Ces chevaux vivent « dans l’obscurité et dans des conditions indignes » dans l’écurie qui se trouve au 1810, rue des Bassins, à Montréal, a déploré le regroupement « Ma voix pour eux ».

« La ville ce n’est pas un endroit pour un cheval. Un cheval a besoin d’espace, pas de stationnement en béton et de tours à condos avoisinantes », a déploré Mme Nadeau qui s’implique auprès du regroupement « Ma voix pour eux » depuis plusieurs années.

Le regroupement demande au ministère de l’Agriculture, des Pêcheries et de l’Alimentation (MAPAQ) de se doter d’un protocole contre la cruauté envers les animaux. « Ça suffit les avis de non-conformité que les gens cumulent, parce que chaque fois, ce sont les animaux qui en paient le prix », a affirmé Mme Nadeau.

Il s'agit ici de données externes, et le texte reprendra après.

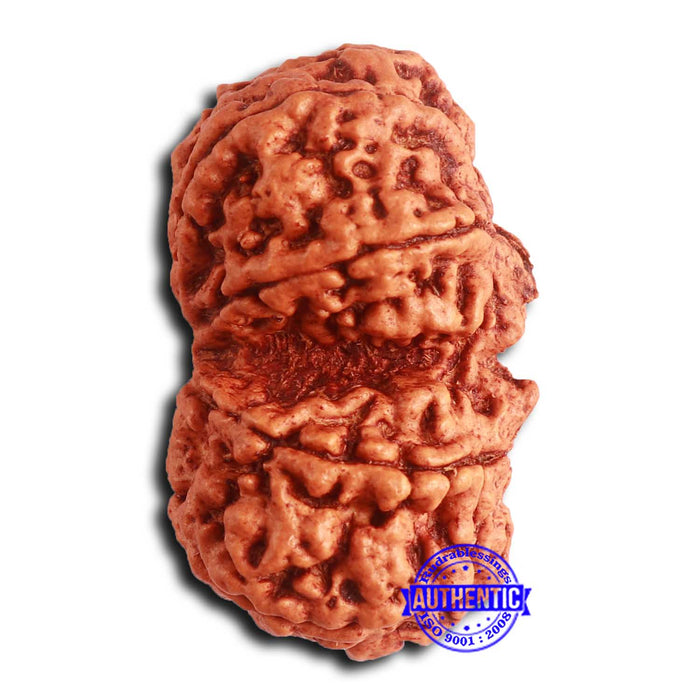 Gaurishanker Nepalese Rudraksha Bead No. 255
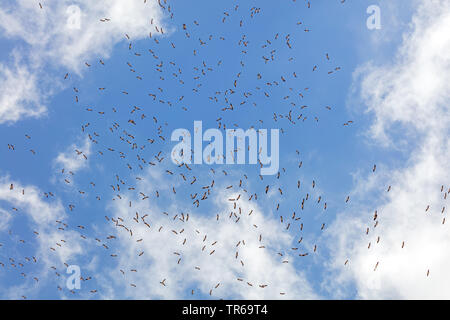 Cicogna bianca (Ciconia ciconia), flying gregge nel cielo, vista dal basso, Israele Foto Stock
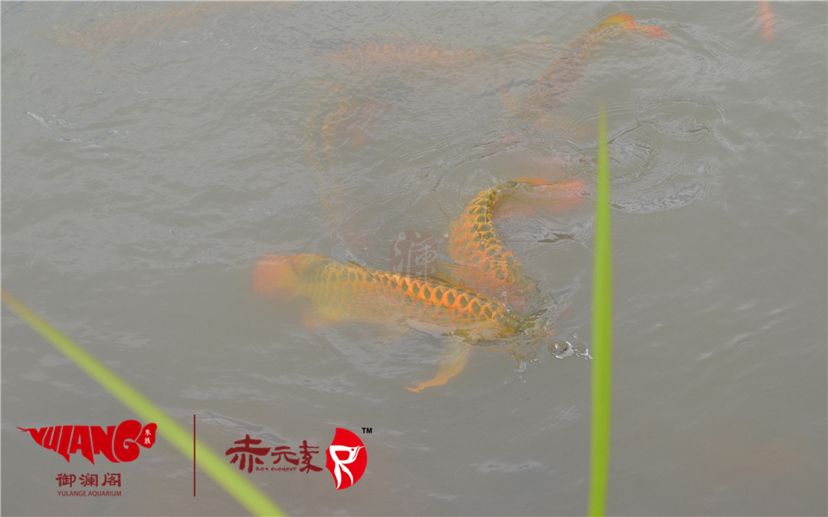 赤元素經(jīng)典紅龍幼魚調(diào)價(jià)通知：首先由于漁場(chǎng)對(duì)種魚群品質(zhì)的嚴(yán)格要求：2019年9月7日赤元素經(jīng)典紅龍幼魚調(diào)價(jià)通知 觀賞魚論壇 第6張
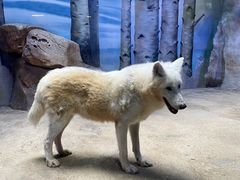 -芜湖新华联大白鲸海洋公园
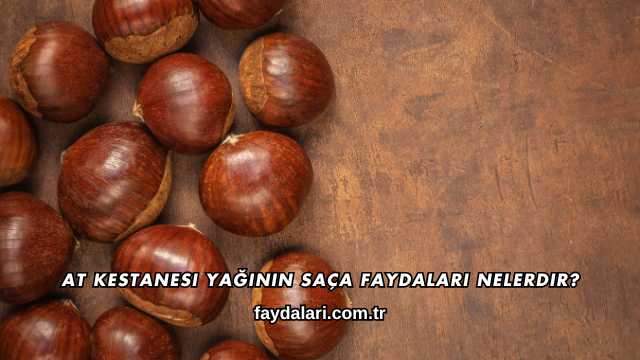 At Kestanesi Yağının Saça Faydaları Nelerdir?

Le regroupement dénonce le manque d’action de la ville et du MAPAQ. « Nous sommes en 2021, à Montréal, dans une ville que tous nos élus veulent modèle, progressiste et sans cruauté animale et malheureusement on est encore ici parce qu’il reste quatre chevaux qui vivent dans des conditions déplorables, dans une écurie insalubre qui tombe en ruine », a renchéri l’activiste Patricia Tulasne.

« Montréal se veut une ville sans cruauté et j’en veux la preuve », a conclu Mme Tulasne.